Manifestação na “Plaza de Mayo”, 18 de fevereiro de 2015. Crédito: BBC
Atualmente, o caso Nisman está sujeito a uma importante instrumentalização política. Ele constitui o foco de uma grande propaganda governamental. Enquanto vários juízes e promotores argentinos acusam a presidente de exercer pressões sobre a Justiça, é inegável que as declarações e contra-declarações dos diferentes protagonistas políticos alimentam um perigoso clima de tensão no país.  
 

E amanhã?

Há cerca de um mês, a investigação está parada na Argentina. A promotora Viviana Fein está atualmente encarregada do inquérito sobre a morte de Alberto Nisman.

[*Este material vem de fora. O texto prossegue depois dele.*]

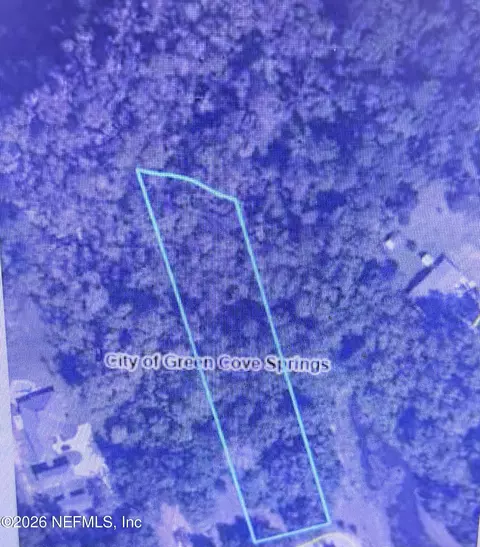 1302 East St, Green Cove Springs, FL 32043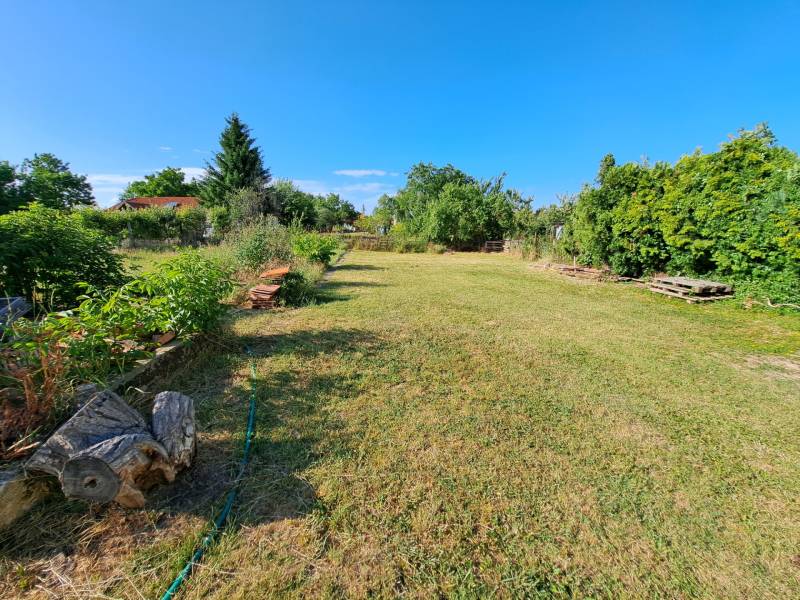 A garden by a family house in Kmeťovo, surrounded by greenery and a blue sky.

O promotor Gerardo Pollicita retomou a investigação de Nisman sobre o atentado contra a AMIA.  
 

Diante de um fundo de antissemitismo e de conspiração do Estado, o falecimento do promotor Albero Nisman causa muita intriga , tanto na Argentina quanto a nível internacional. Como, hoje, cerca de 70% dos argentinos não acreditam na tese do suicídio, o caso Nisman mancha profundamente a imagem da presidente e do seu governo, a apenas alguns meses da próxima eleição presidencial, em outubro de 2015. A importante mobilização dos argentinos marca a vontade unânime do povo de obter mais transparência, assim como uma verdadeira separação dos poderes, especialmente o judiciário e o executivo. Um caso longe de ser resolvido.